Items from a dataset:

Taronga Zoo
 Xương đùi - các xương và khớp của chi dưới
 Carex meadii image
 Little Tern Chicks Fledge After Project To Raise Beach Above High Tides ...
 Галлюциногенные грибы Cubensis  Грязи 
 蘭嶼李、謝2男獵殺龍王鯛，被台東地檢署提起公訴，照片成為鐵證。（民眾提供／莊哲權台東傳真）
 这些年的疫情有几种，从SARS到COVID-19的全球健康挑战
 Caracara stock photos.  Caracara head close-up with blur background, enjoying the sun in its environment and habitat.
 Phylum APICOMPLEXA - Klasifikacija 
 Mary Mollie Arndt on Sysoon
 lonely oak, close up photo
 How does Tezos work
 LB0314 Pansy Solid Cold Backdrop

• YOUR ASSIGNMENT
All entries must be repeated verbatim.

• RESULT
Taronga Zoo
 Xương đùi - các xương và khớp của chi dưới
 Carex meadii image
 Little Tern Chicks Fledge After Project To Raise Beach Above High Tides ...
 Галлюциногенные грибы Cubensis  Грязи 
 蘭嶼李、謝2男獵殺龍王鯛，被台東地檢署提起公訴，照片成為鐵證。（民眾提供／莊哲權台東傳真）
 这些年的疫情有几种，从SARS到COVID-19的全球健康挑战
 Caracara stock photos.  Caracara head close-up with blur background, enjoying the sun in its environment and habitat.
 Phylum APICOMPLEXA - Klasifikacija 
 Mary Mollie Arndt on Sysoon
 lonely oak, close up photo
 How does Tezos work
 LB0314 Pansy Solid Cold Backdrop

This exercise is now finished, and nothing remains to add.